If money talks in politics, it positively shouts when it comes to California initiative campaigns.

Take, for example, the ongoing effort to qualify a ballot measure that would require a two-thirds vote before local governments could spend the first nickel to get into the public power business.

The effort is being run by a group with the populist-friendly name of “Californians to Protect Our Right to Vote,” although the required disclaimer adds that it has “major funding from Pacific Gas & Electric, a coalition of taxpayers, environmentalists, renewable energy, business and labor.”

Actually, that wide-ranging coalition of disparate interests is pretty much invisible, since every dollar of the $3.5 million that’s flowed into the effort so far comes from PG&E.

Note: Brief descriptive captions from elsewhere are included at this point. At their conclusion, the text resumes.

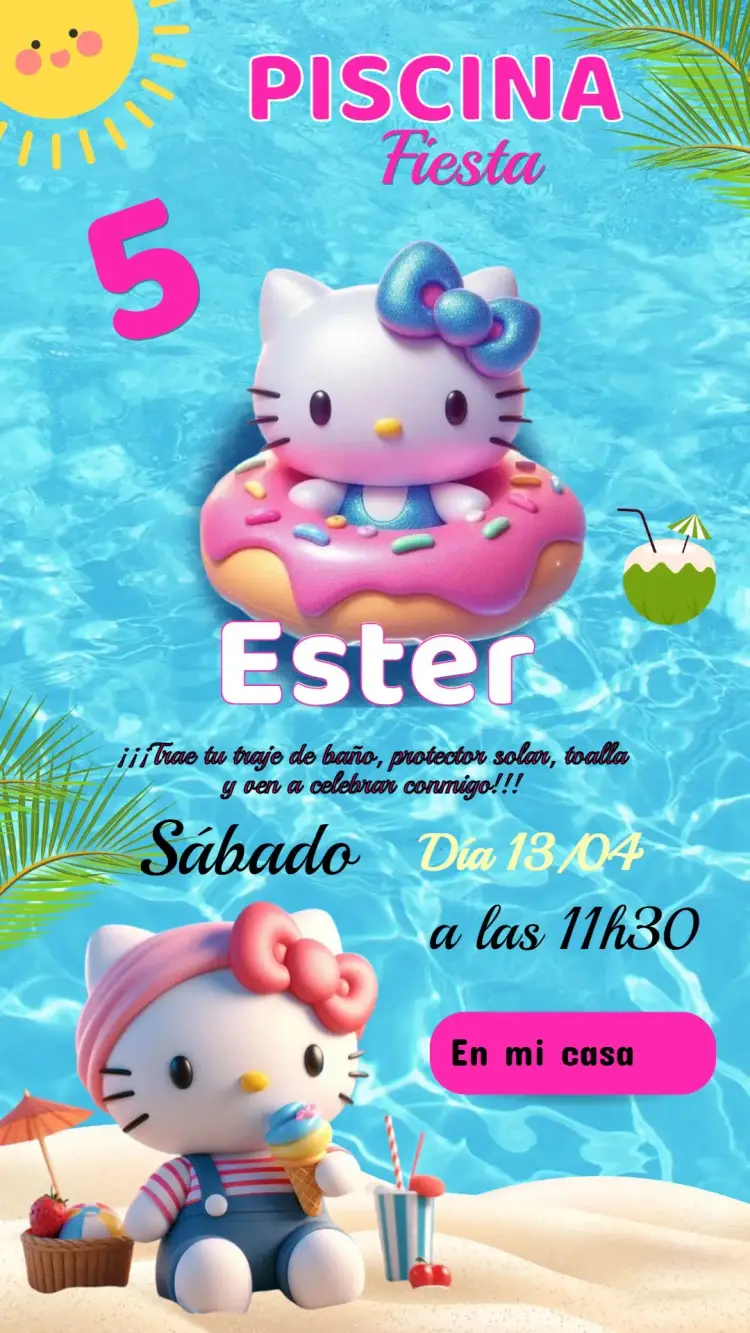 Invitación Cumpleaños Hello Kitty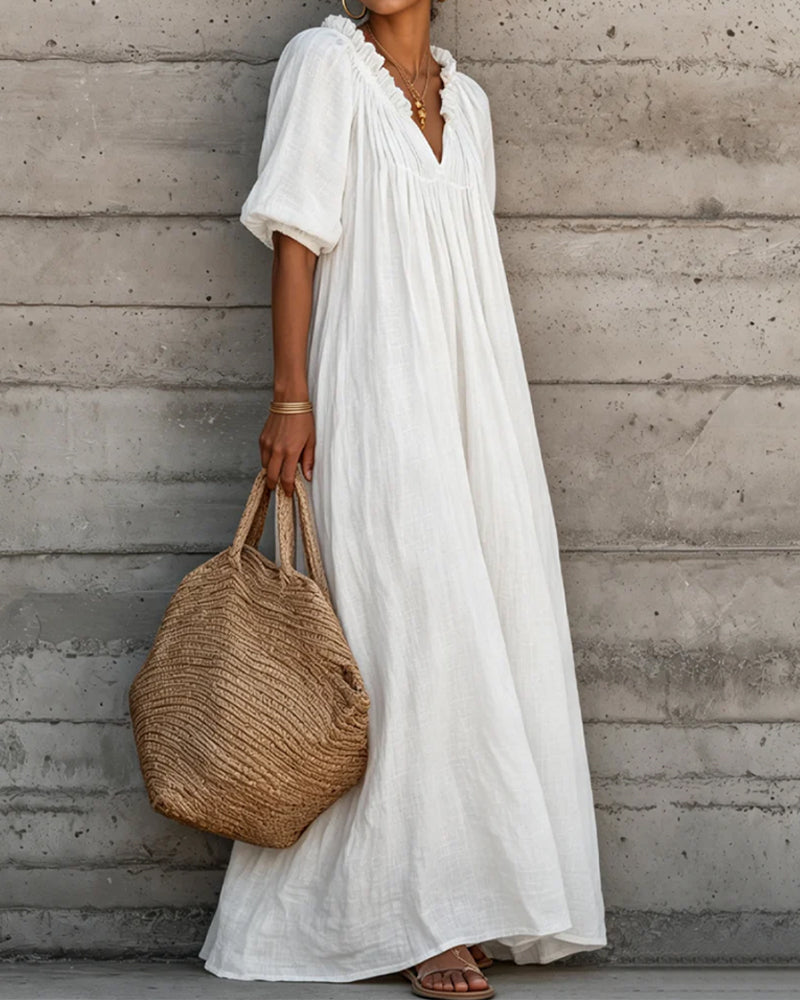 White Bubble Sleeve Full Skirt Maxi Dress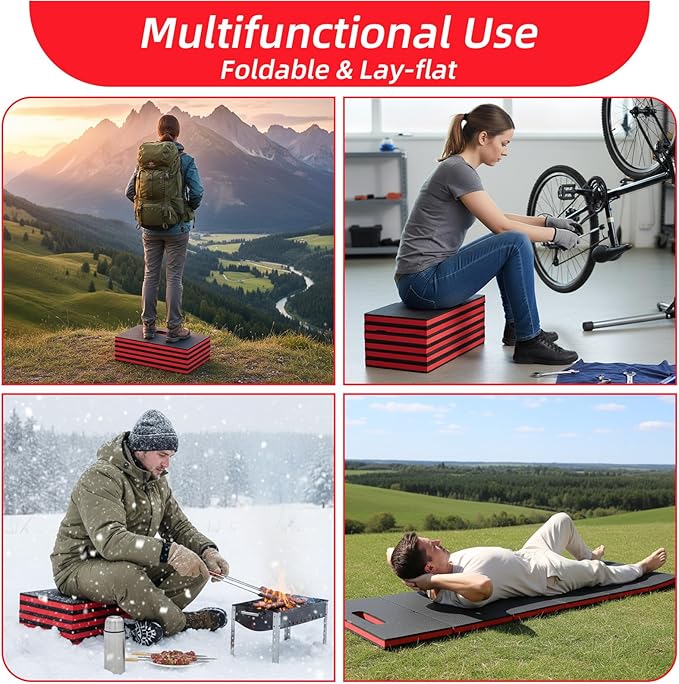 1" Foldable Thick Kneeling Pad, 5 Fold Comfortable EVA Foam Knee Pads, Waterproof Mechanic Kneeling Pad with Handle, High-Density Cushion Mat for Gardening, Workout, Exercise, Mechanic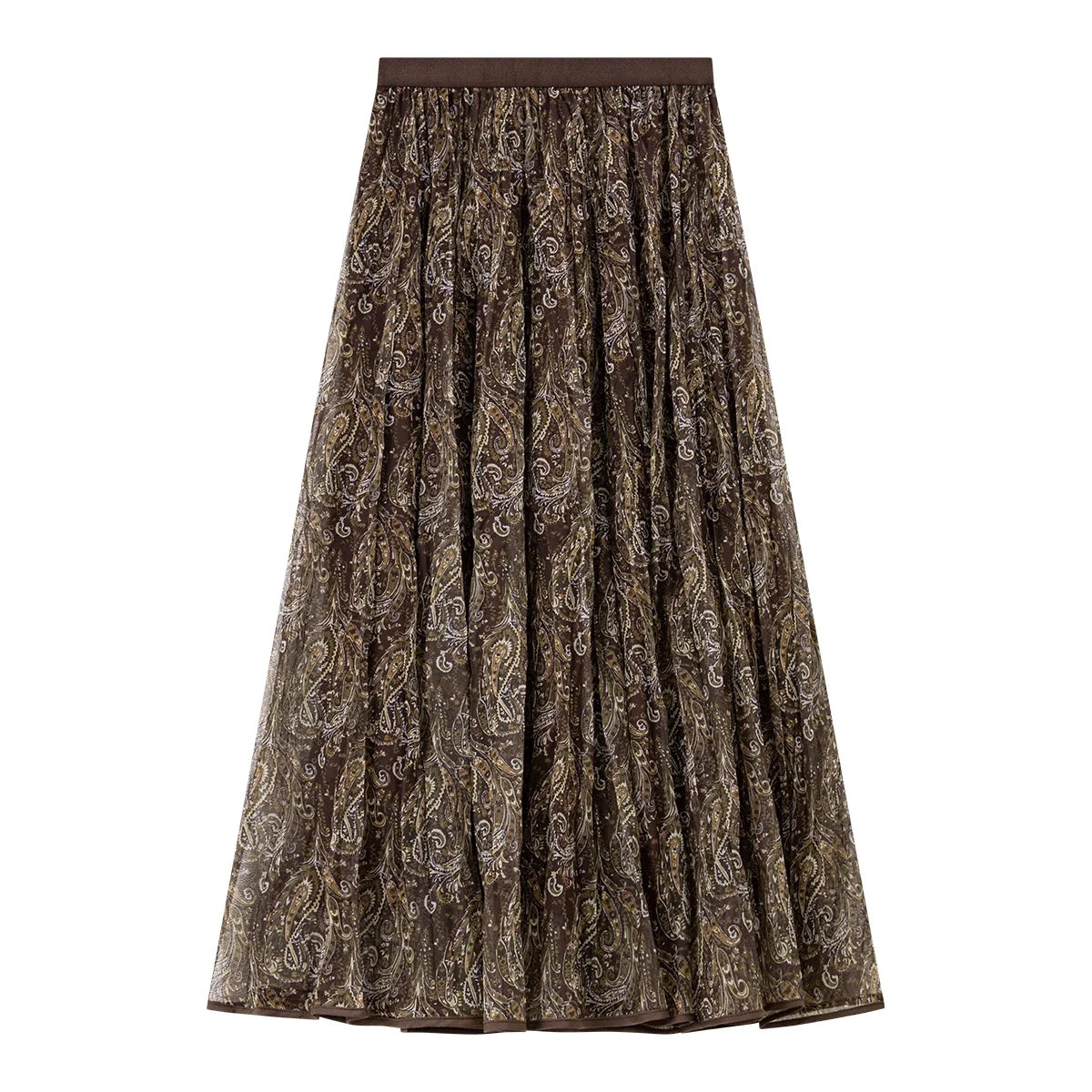Floral Print Flared Midi Skirt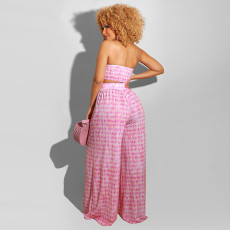 Sexy Printed Wrap Chest Top Wide Leg Pants 2 Piece Suits HNIF-HN005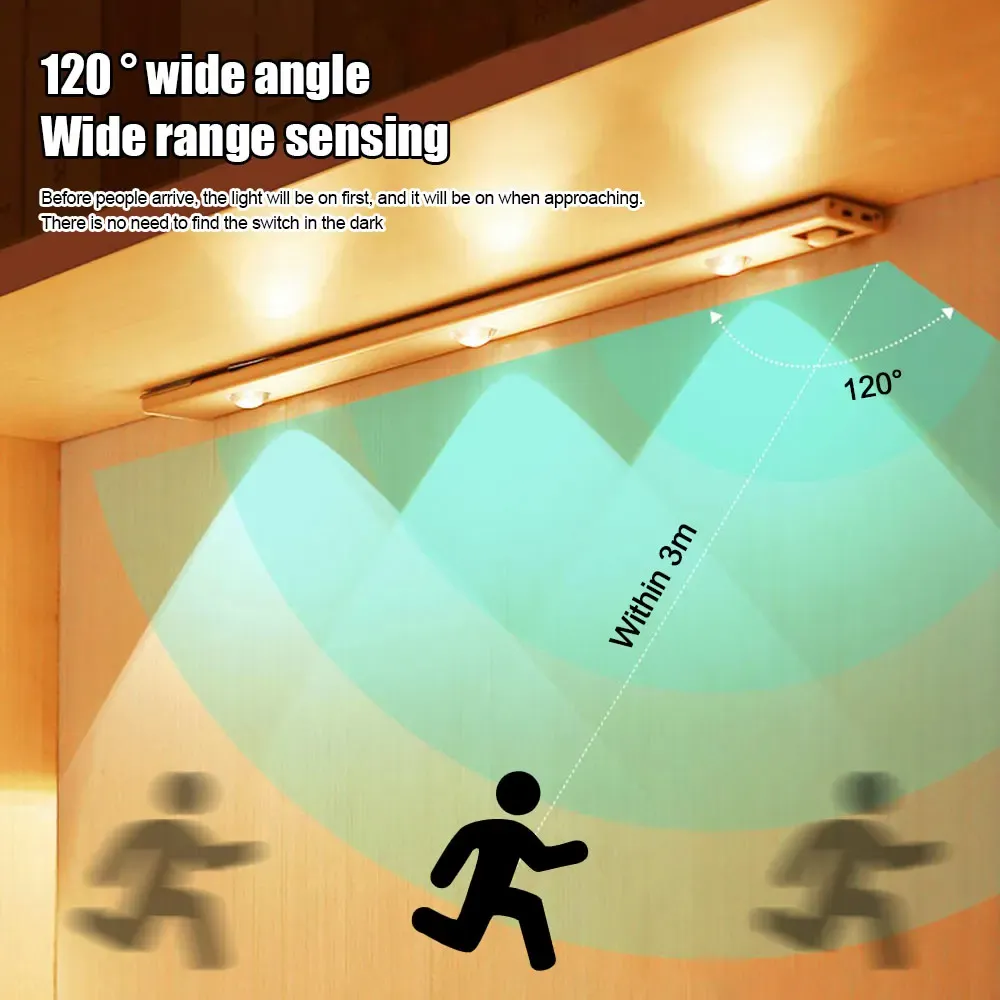 Veilleuse LED ultra-fine sans fil avec détecteur de mouvement, rechargeable par USB, pour éclairage d'armoire, de cuisine et de chambre 3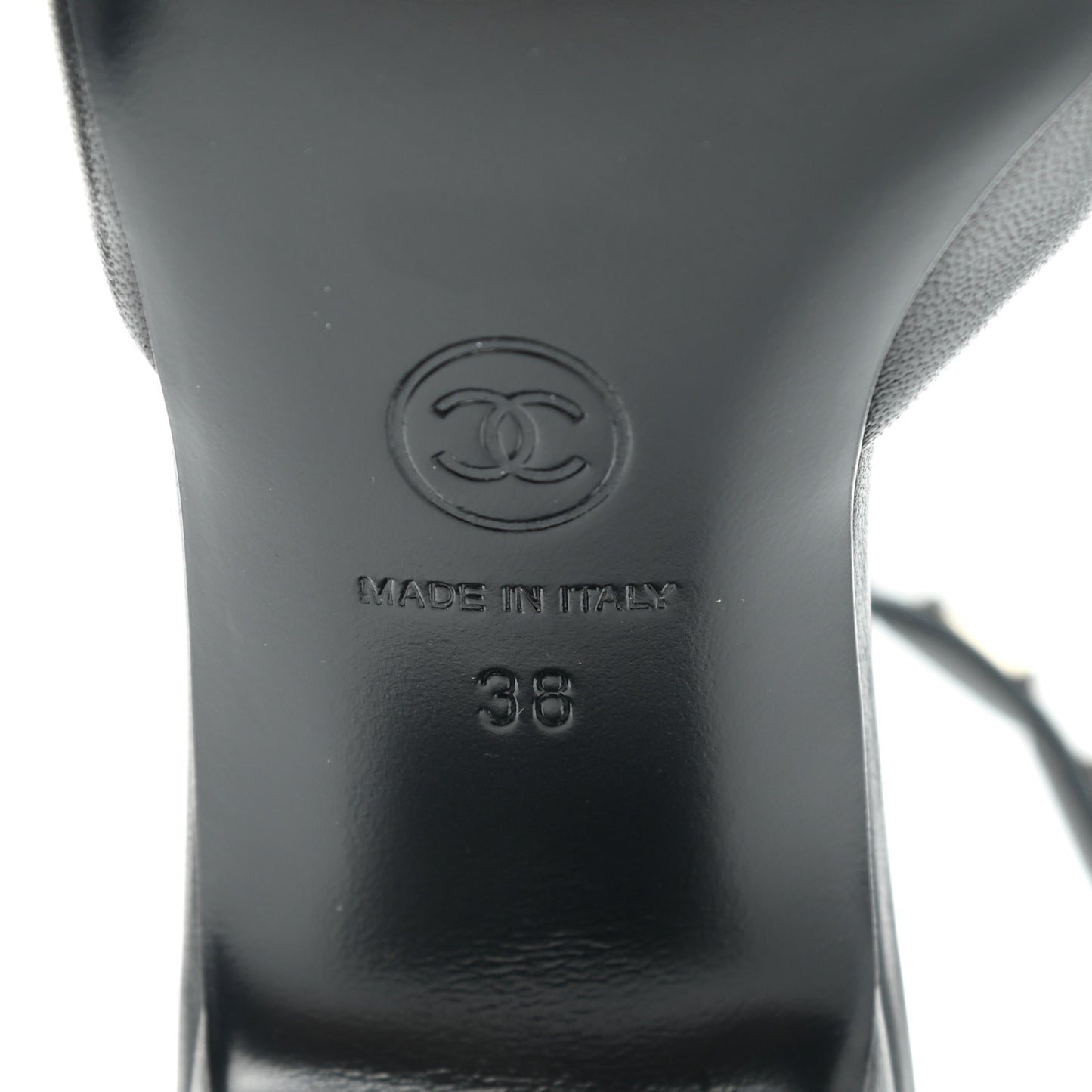 Lambskin Grosgrain Cap Toe Logo Ankle Strap Pumps 38 Black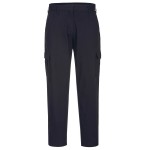 A pair of women's black work trousers featuring stretch panels for ease of movement, suitable for a wide range of outdoor and site work applications.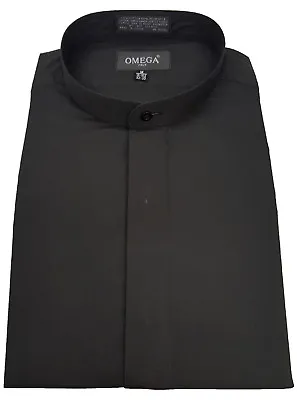 Men & Boy’s Mandarin Collar(banded Collar) Black Dress Shirt Non Pleat • $23.99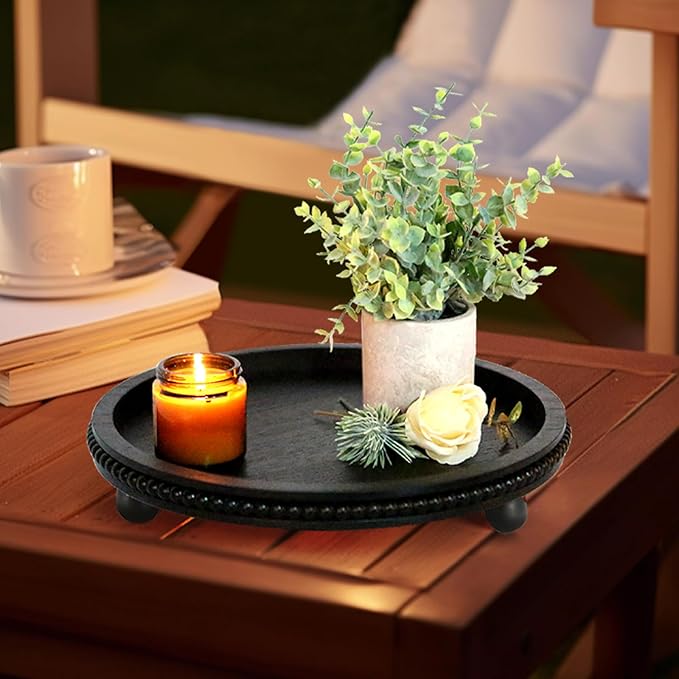 Wooden Beaded Decor Tray for Coffee Table, Rustic Wooden Trays Table Centerpieces, Decorative Trays for Home Decor Kitchen Table Farmhouse Serving Tray (Round Black)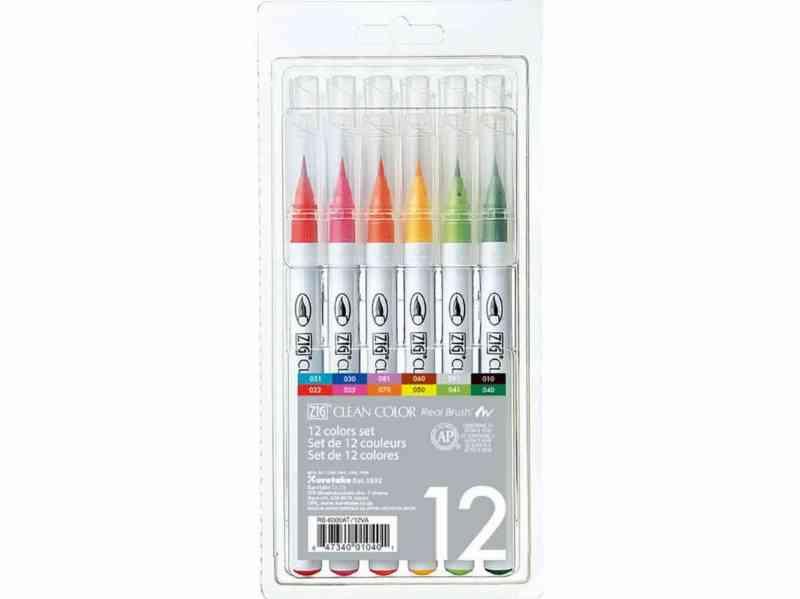 Zig Clean Color Pensel Pen Sæt med 12 Farver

And where has the cash gone? Well, at least $1.5 million has been used to collect the nearly 700,000 signatures needed to qualify a constitutional amendment for the ballot, either for the June 2010 primary or the November 2010 general election.

Direct democracy comes with a hefty price tag in California these days, which probably isn’t what Gov. Hiram Johnson and his fellow progressives were planning back in 1911, when they put the right to initiatives, referendums and recalls in the state Constitution.

Putting an initiative on the ballot is anything but the grassroots, Andy Hardyish “Hey, let’s put on a show!” effort envisioned by the progressives a century ago. It’s been decades since an all-volunteer effort produced the signatures to get a measure on the California ballot and the rather sordid truth in the “petition management” industry is that with enough money, they can qualify anything.

That doesn’t mean it will pass, of course, but first things first.

For companies, organizations and other groups with a political bone to pick, the decision to sponsor a ballot measure often becomes little more than a cost benefit analysis. Is the money/policy/power the initiative will bring worth the millions it will cost to get it on the ballot and passed?

For PG&E, the answer is easy. In recent years, the huge utility has been forced to spend millions to keep San Francisco and other cities from voting to start their own local power companies – and taking PG&E customers with them.

With Marin County looking at plans to have a joint powers authority compete with PG&E in the power business and other cities and counties moving in that direction, the utility was facing the unhappy prospect of fighting a never-ending round of expensive battles across its Northern and Central California service area in an effort to hang on to its customers.

But expensive as a statewide initiative campaign would be – and the current $3.5 million is just a down payment for that race – a victory would virtually shut down the public power movement and put paid to those pesky local elections.

So it makes sense for PG&E to start writing checks, knowing that the money can guarantee their measure a place on the ballot.

That early money appears to be cash well spent. Petitions for the two-thirds vote power initiative reportedly are already off the streets and being prepared for submission. While the supporters have until Dec. 21 to file their petitions with local county registrars, the secretary of state is warning that the real deadline is next Monday, Nov. 16, if they want to make the June ballot. Later than that and it’s a November 2010 campaign.

The June election is the likely target, since the smaller turnout for the primary typically gives a special interest initiative a better chance at the polls.

The election campaign already has started. State Sen. Mark Leno of San Francisco said on his Facebook page that he plans to go to the state Democratic Party’s executive board next Saturday and ask them to oppose the initiative before it’s even officially on the ballot.

John Wildermuth is a longtime writer on California politics.